- Rivella in 2024
- Born: 8 August 1927 Barbaresco, Piedmont, Italy
- Died: 14 February 2025 (aged 97) Alba, Piedmont, Italy
- Occupations: Chemist; chocolatier;
- Children: 4

= Francesco Rivella =

Italian chemist (1927–2025)

Francesco Rivella (8 August 1927 – 14 February 2025) was an Italian chocolatier and chemist known for his work with the expansion of the Ferrero brand, including the creation of the chocolate spread Nutella and the development of its recipe.

==Life and career==
Rivella was born in Barbaresco, Piedmont, Italy, on 8 August 1927. Having just received a degree in bromatological chemistry from Turin, Rivella began to work alongside the businessman Michele Ferrero as Ferrero's right hand man to produce chocolate beginning at the age of 25 in 1952, having joined the Ferrero company as a chocolatier. The original form of Nutella, first sold in 1951, was a creamy version of gianduja called Supercrema gianduja, based on Ferrero's father Pietro's solid chocolate Pasta Gianduja. In 1964, Ferrero recruited Rivella for them to work together on developing a revamped version of Supercrema gianduja, with the aim of selling it across Italy and Europe. Rivella was credited with coming up with the name "Nutella" in 1964, having reportedly perfected the taste with Ferrero after having spent several years with him travelling the world to come up with newer flavours.

Rivella and Ferrero traveled around the world to sample confectionery products with a belief that they could refine and improve those products. Rivella contributed to the development of Kinder and Ferrero Rocher products. According to Gigi Padovani, his balance of tradition and innovation made Rivella a key person in the Ferrero company's rise as a multinational company.

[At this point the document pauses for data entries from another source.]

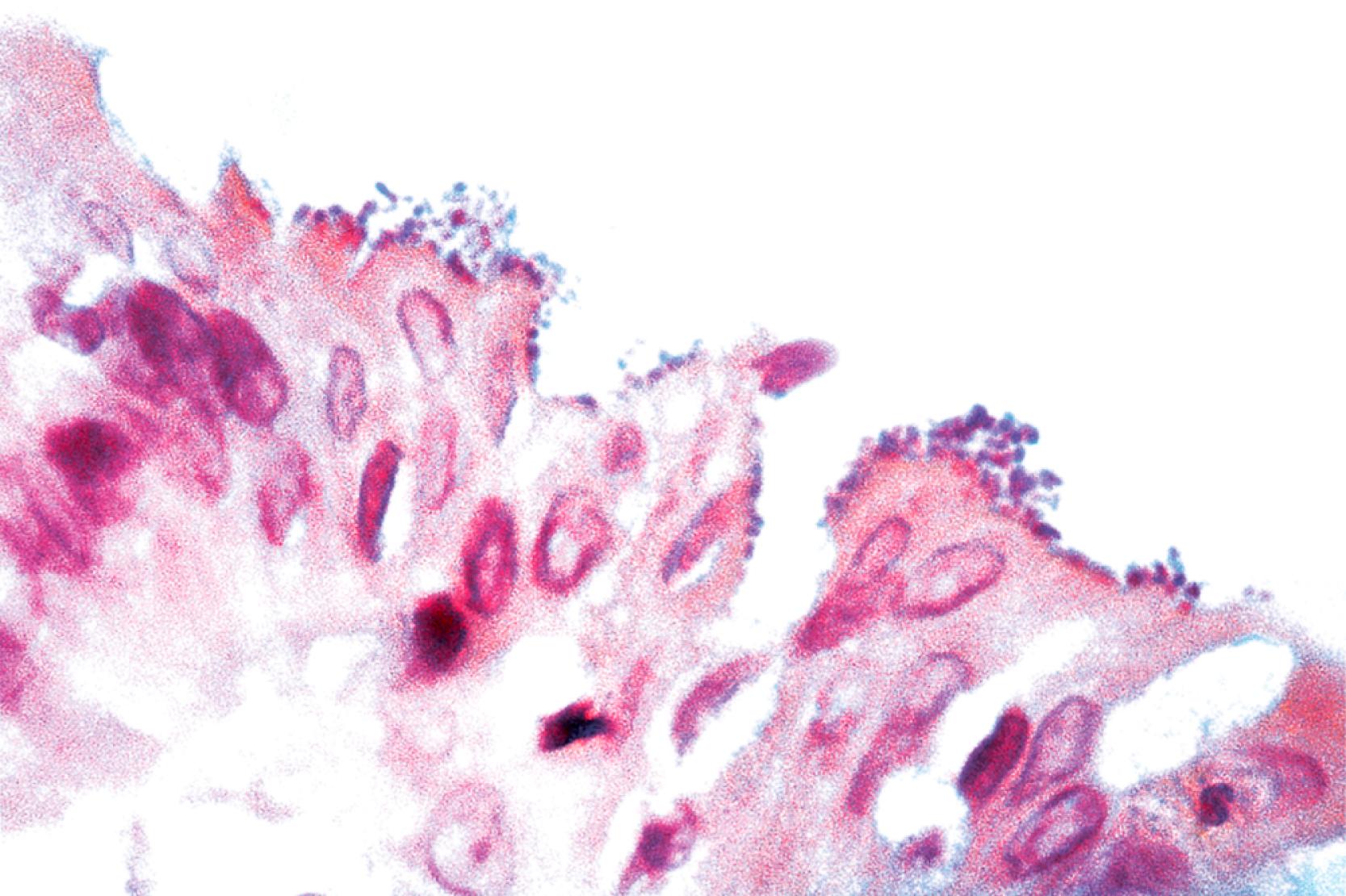 FIGURE 4.13, Enteroadherent Escherichia coli in a patient with AIDS. A coating of gram-negative rods with little inflammatory reaction is seen at the surface of the colonic mucosa (Gram stain).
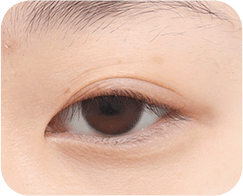 The Key to Beautiful Eyes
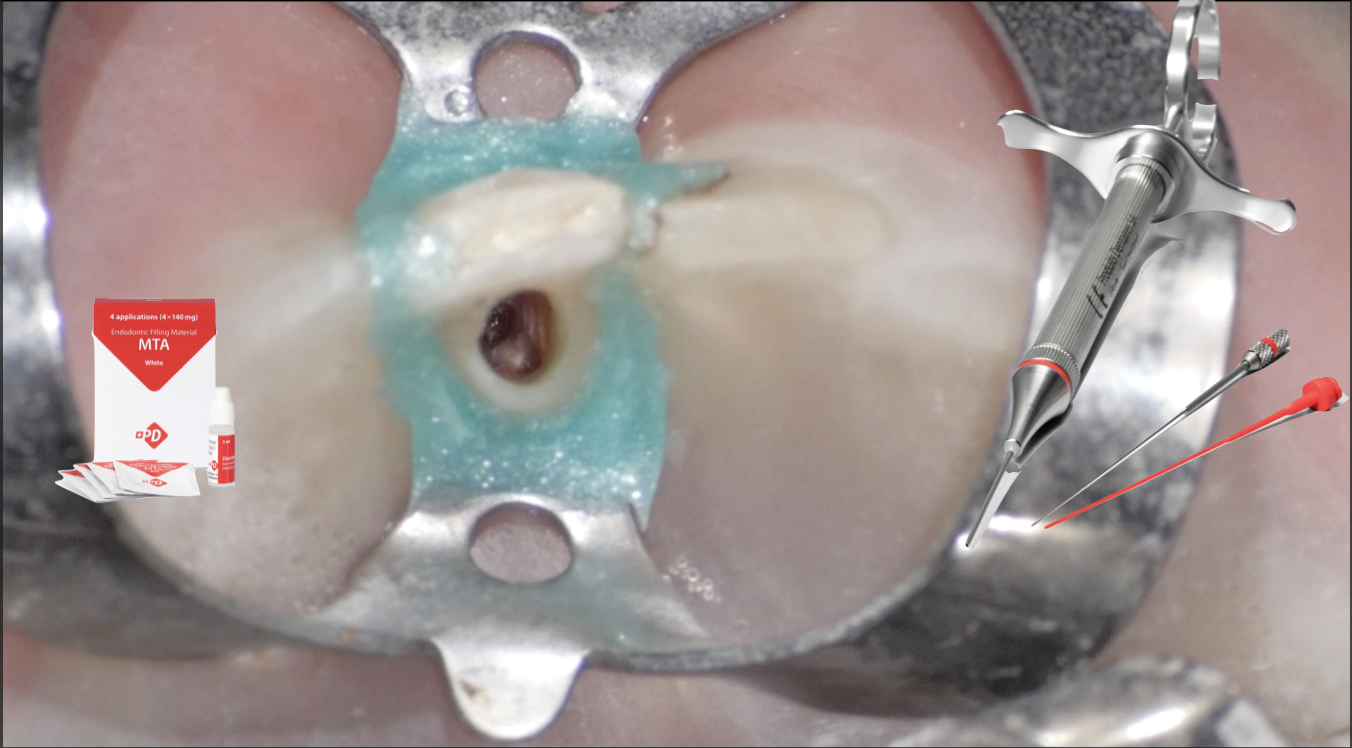 The management of a buccal perforation in a lower incisor
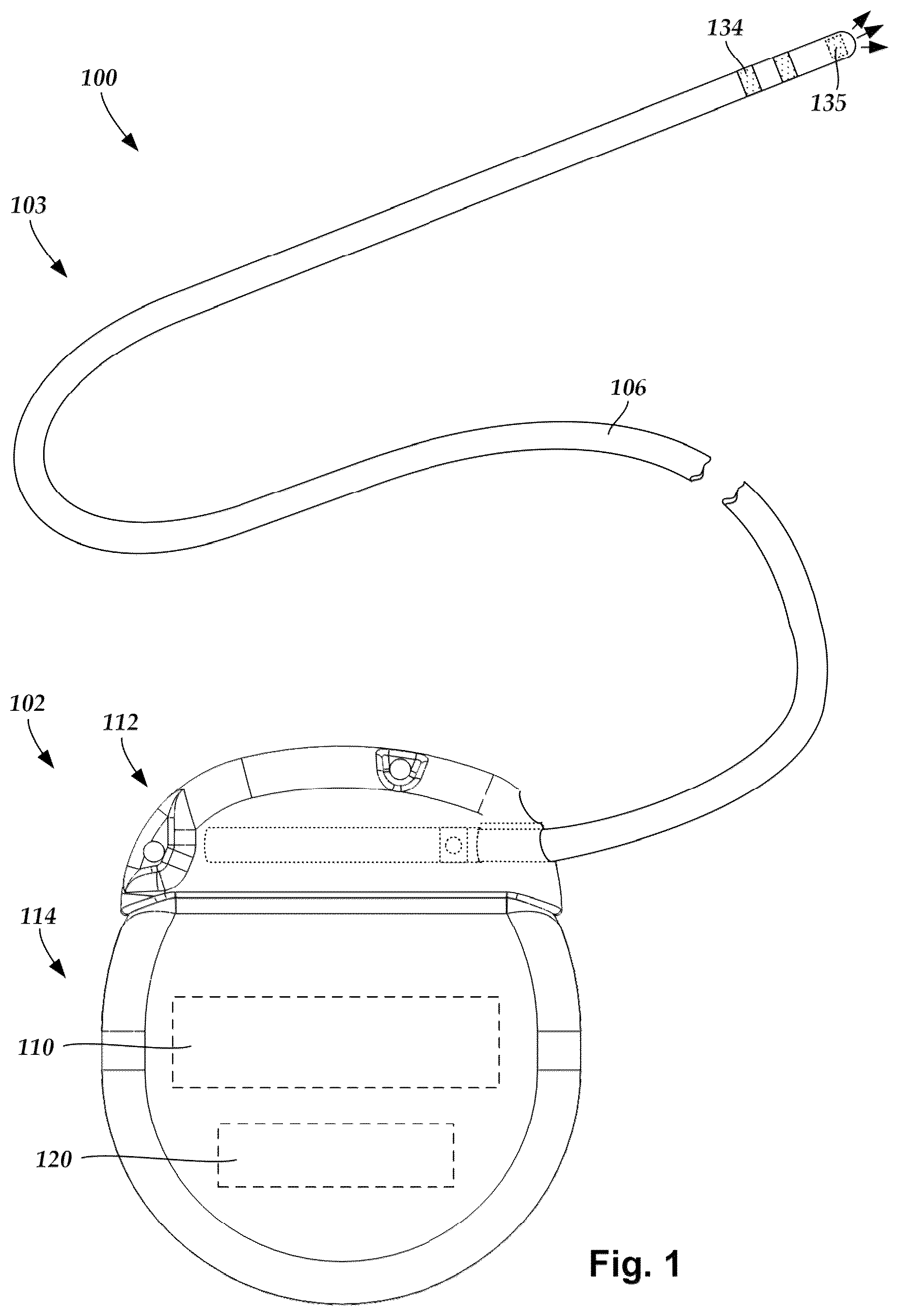 Patent US12324925 — Implantable optical stimulation lead and methods of making and using — Figure 1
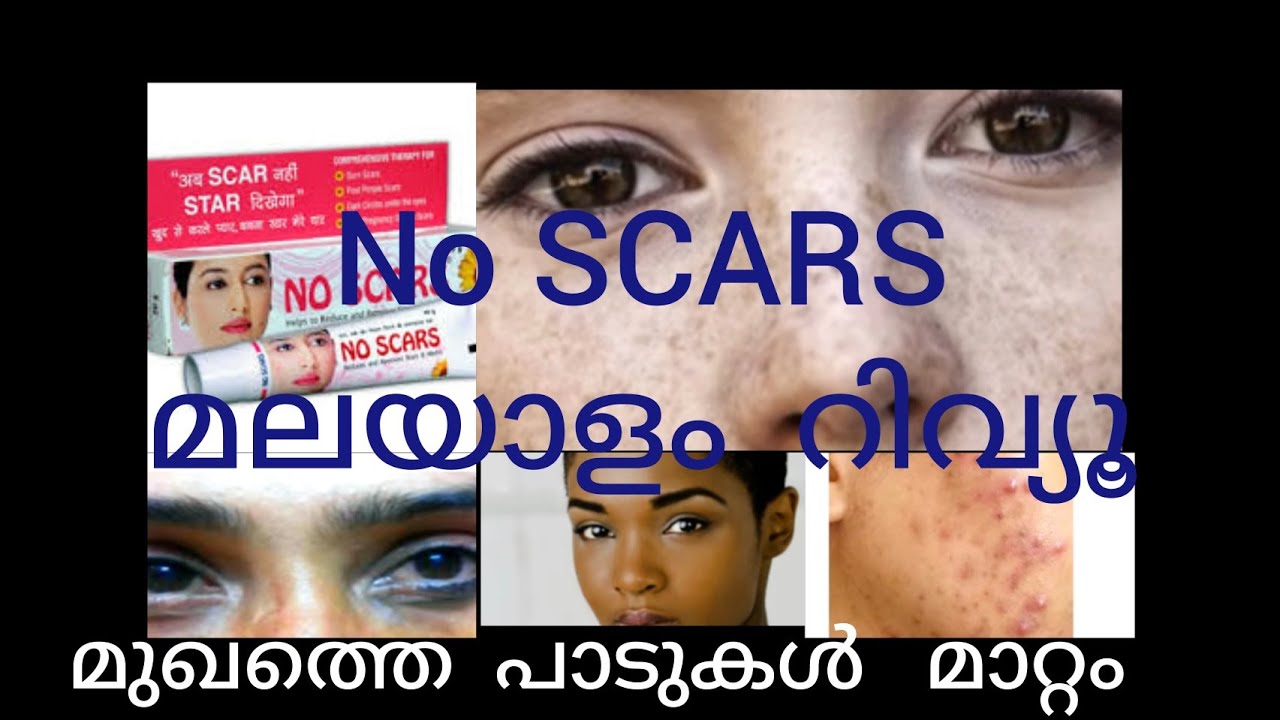NO SCARS മലയാളം റിവ്യൂ  മുഖത്തെ പാടുകൾ മാറ്റം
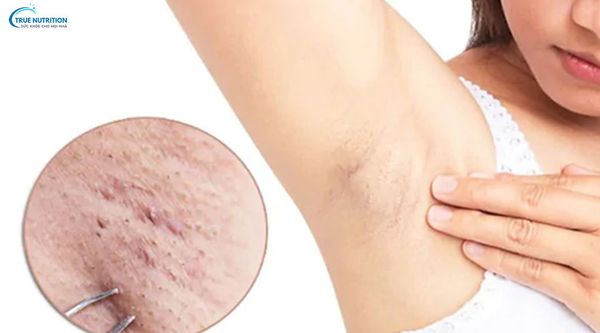 Nhận Diện Hình Ảnh Viêm Nang Lông, Nguyên Nhân, Điều Trị
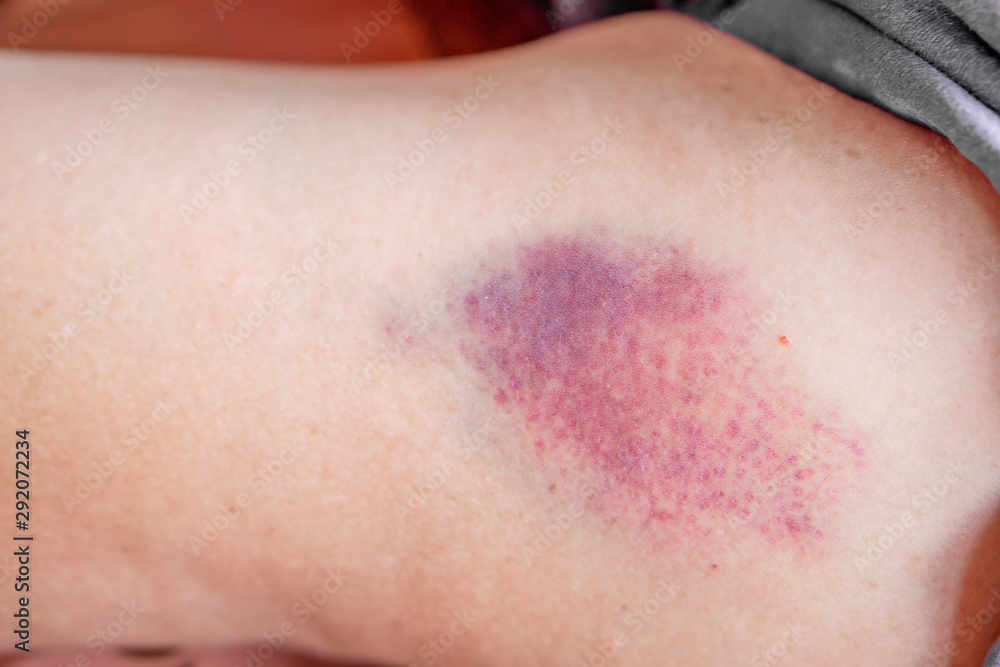large injection bruised on woman arm closeup large injection bruised on woman arm closeup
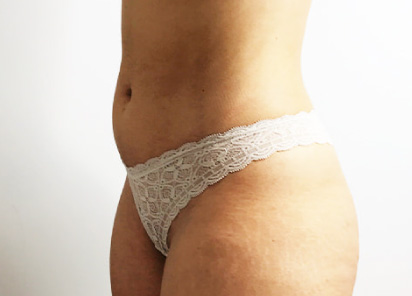 antes/before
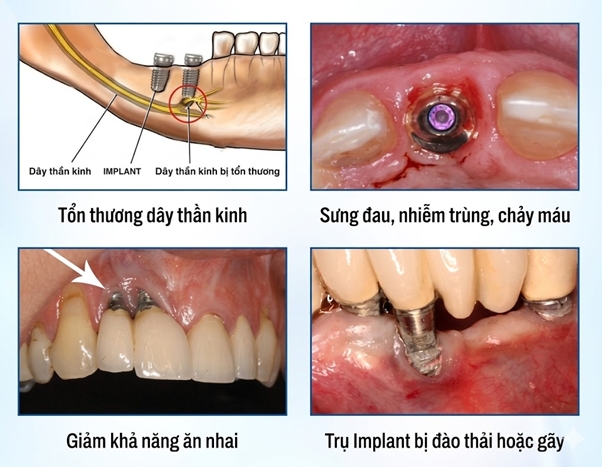 nha khoa lac viet intech  khi cong nghe so khong con la lua chon ma la tieu chuan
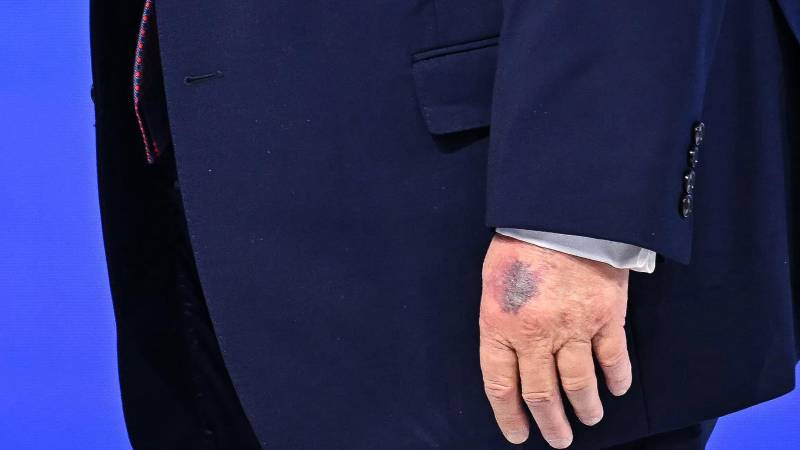 Un moretón es visible en el dorso de la mano izquierda del presidente estadounidense Donald Trump.
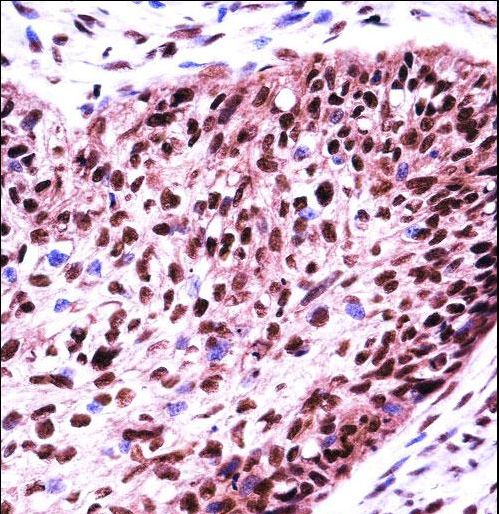 SF3B1 Antibody immunohistochemistry of formalin-fixed and paraffin-embedded human esophagus carcinoma followed by peroxidase-conjugated secondary antibody and DAB staining.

Following his career at Ferrero, Rivella served as a member of the Order of Chemists. After retiring, he dedicated his spare time to fruit farming and the traditional Italian sport of Pallapugno. Rivella died in Alba, Piedmont, on 14 February 2025, at the age of 97. Prior to his death, Rivella was widowed with three sons, a daughter, and seven grandchildren.